Lascaux, découverte pendant la guerre, a dû rester un temps silencieuse pour éviter que les soldats allemands ne s’y intéressent de trop près. Le père d'Edurne Rubio et ses deux oncles furent les explorateurs de l’Ojo Guareña et y vécurent une quête souterraine qui leur permit de vivre un sentiment de liberté mis à mal par le franquisme qui régnait au-dehors. "Mon père et mes oncles ont vécu une double vie: en surface c’était le régime de Franco. Sous la terre, c’était la liberté, l’exotisme" raconte l'artiste espagnole, qui a grandi à Burgos, une petite ville très conservatrice du Nord de l’Espagne, et vit désormais à Bruxelles.
Tandis que Gaëlle Bourges "Rêve d’une grotte, sombre mais pas humide, comme celle de Lascaux.
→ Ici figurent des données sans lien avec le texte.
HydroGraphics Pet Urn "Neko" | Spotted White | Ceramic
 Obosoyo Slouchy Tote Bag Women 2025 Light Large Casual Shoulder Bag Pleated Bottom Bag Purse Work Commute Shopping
Être sous terre, à quelques dizaines de mètres de profondeur derrière la surface du sol. Glisser vers le bas par un trou de renard, comme un enfant, et tout oublier"
Edurne Rubio, dont les moyens d’expression - cinéma, performance, installations - paraissent très loin de l’univers brut des grottes, retrouve dans la fameuse et fantastique caverne située entre Santander et Bilbao un souvenir intacte de son plus jeune âge : « Quand, adulte, j’ai eu l’occasion d’y redescendre, c’était comme retrouver la maison de mon enfance. Ou une ville où nous aurions vécu autrefois. Il faut dire qu’on y habitait parfois: mes parents y avaient aménagé une chambre où l’on passait plusieurs jours. On connaissait chaque couloir, chaque passage. J’ai alors compris l’influence que cette grotte et la spéléologie avaient eues sur mon travail artistique » raconte-t-elle.
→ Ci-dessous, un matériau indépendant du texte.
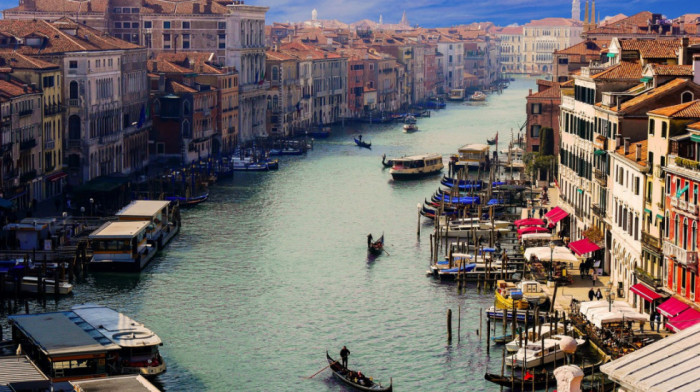Stanovnici Venecije besni: Turisti otkrili kako da umesto 90 potroše samo dva evra na vožnju gondolom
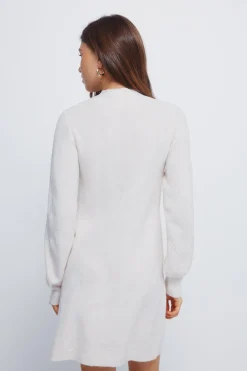 Robe courte en en maille torsadée
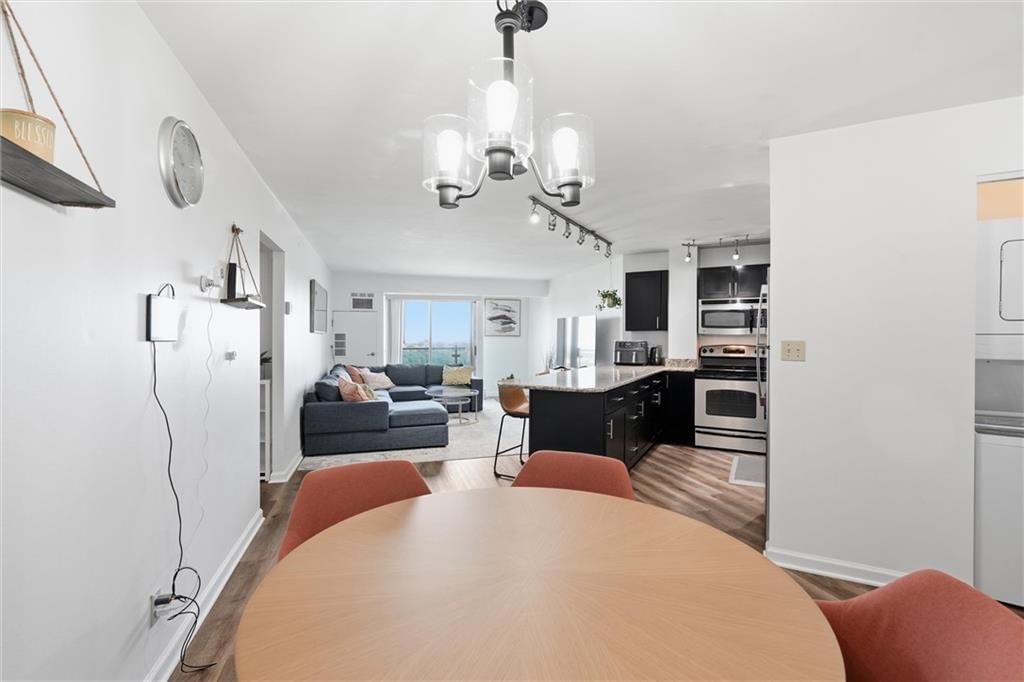 Photo 15 of 37 - 3838 Rainbow Boulevard #911, Kansas City, KS 66103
Pour Edurne Rubio, la grotte est l’unique espace intérieur qui ne soit pas construit par et pour l’homme. L’un des rares lieux du globe qui échappe aujourd’hui à la civilisation, à la domestication, alors qu’il en fut l’un des foyers à une époque désormais très lointaine. Pour Gaëlle Bourges, la grotte de Lascaux est l’occasion de tisser des liens entre petite et grande Histoire, entre Histoire de l’art et histoire personnelle.
Gaëlle Bourges enfant trouvait refuge dans des cartons qui, tels des grottes, étaient pour elle « un refuge pour la tête ». L’important, c’était qu’il y fasse le plus sombre possible, et qu’elle puisse quand même deviner les dessins d’animaux dont elle avait orné les surfaces internes.
Mystères de l’enfance, mystères de la découverte, espaces souterrains qui abriteraient l’origine de l’art ; autant de coins et de recoins sombres, éclairés par les propositions de deux artistes résolument contemporaines.